There’s a push by some lawmakers in New York to do more to help the Empire State’s veterans with securing jobs, housing, mental health care and other services.
In an announcement timed for Veterans’ Day, the state Senate’s Democratic minority plans to announce a series of bills Wednesday designed to link veterans to programs that ease the transition to civilian life and to reward them for their service.
One of the measures would create an employment website for veterans. Another would allow them to receive educational credits for military training and a third would create programs for veterans who are victims of sexual violence.
Others would change tax regulations to help senior veterans obtain a housing tax break and authorize state veterans benefits for gay, lesbian, transgender and bisexual service members who were discharged dishonorably before the repeal of the military’s ‘don’t ask, don’t tell’ policy.
Senate Democratic Leader Andrea Stewart-Cousins of Yonkers told The Associated Press each of the initiatives is designed to build on earlier programs to support the state’s approximately 800,000 former servicemen and women.
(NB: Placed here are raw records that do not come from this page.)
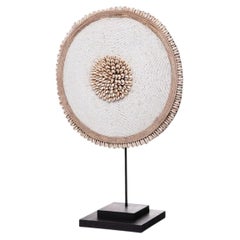 Bouclier africain fait main en coquillages cauris et perles blanches, avec socle, diamètre de 21 pouces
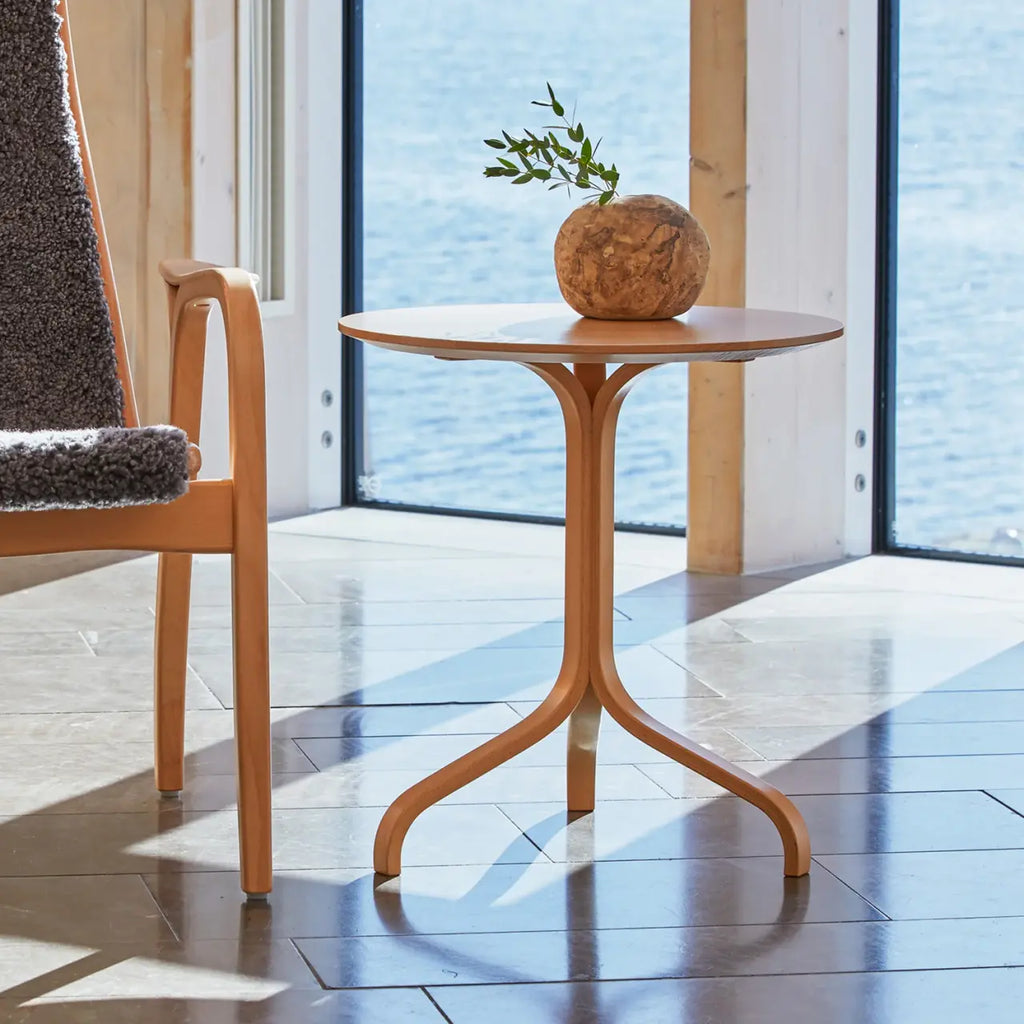 Lamino Table
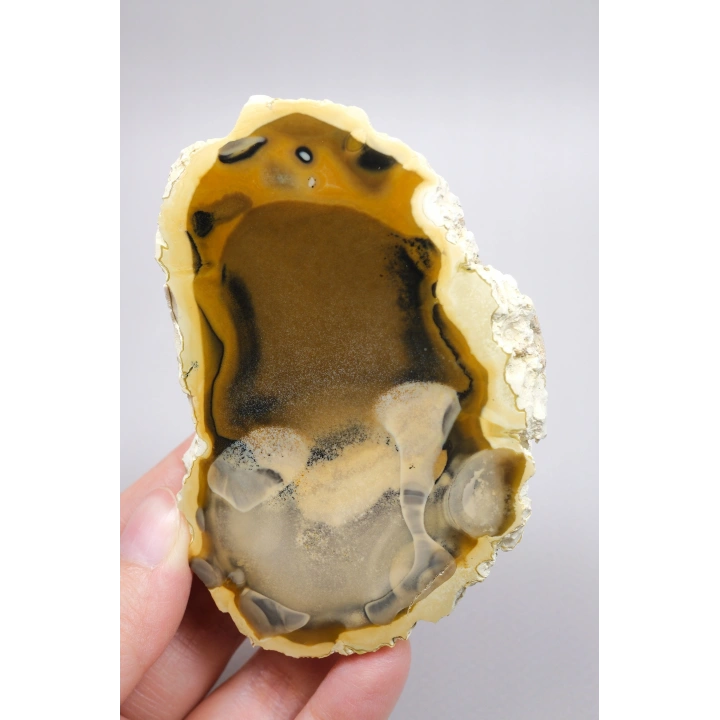 Amber ve Kahverengi Merlinit - Bal Dendritik Opal Yarım, Şeffaf Vurgular, 150g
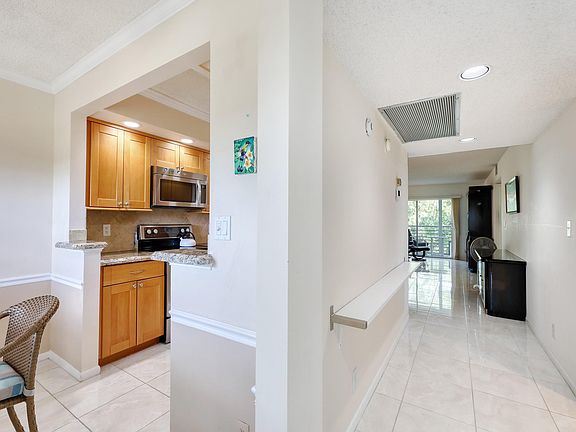 2nd image of 1503 Cayman Way #H4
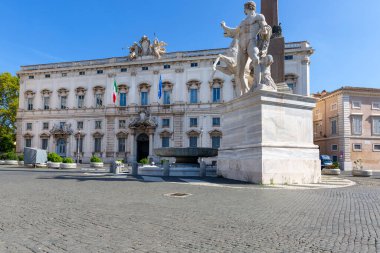 Roma, İtalya - 10 Ekim 2020: Piazza del Quirinale 'deki Dioscour Çeşmesi (Fontana dei Dioscuri) ve İtalya Anayasa Mahkemesi binası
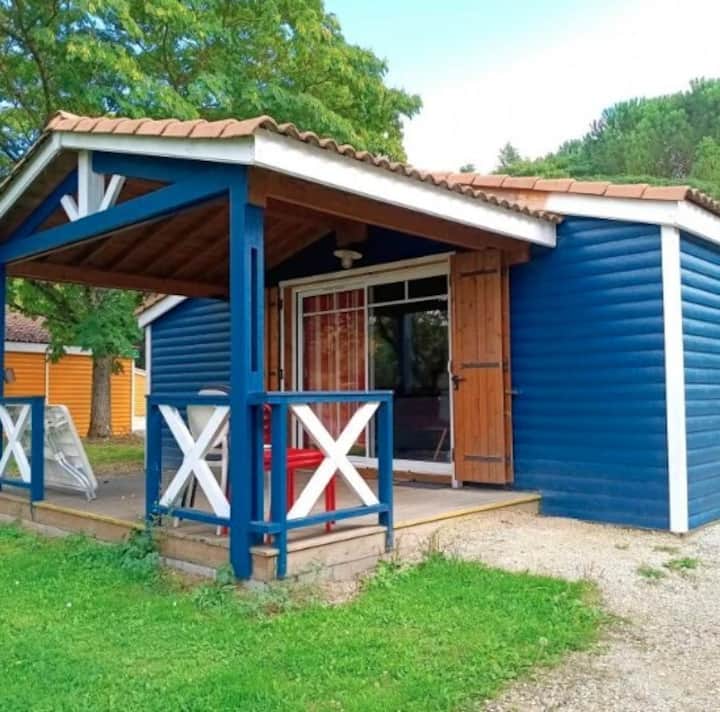 Chalet Spacieux Avec 3 Chambres Et 2 Salles D'eau - Châtellerault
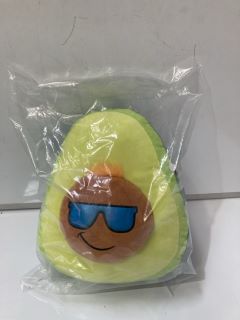 CHIC 2000 BAYER BUGGY, TO ALSO INCLUDE AVOCADO PLUSH TOY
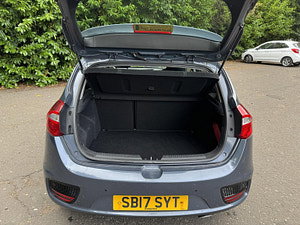 Kia Ceed thumbnail
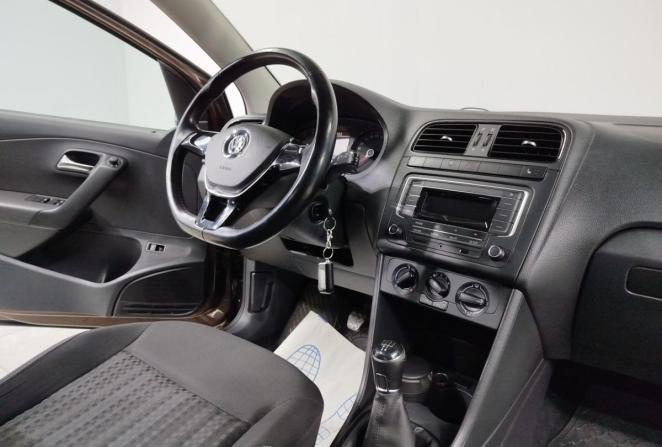 Volkswagen Polo V Рестайлинг с пробегом 2016 года, цена 920 000 рублей, 87418 км, седан, Автокод Объявления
She said that while ideally assisting veterans should be a federal matter, the state can do some “common-sense” things to ensure veterans have the tools they need to succeed once their military service is concluded.
“We owe it to them to ensure the state is doing everything it can,” said Stewart-Cousins, D-Yonkers. “New York can and should be a leader on this.”
The bills will be considered by the full Senate when it reconvenes along with the Assembly in January.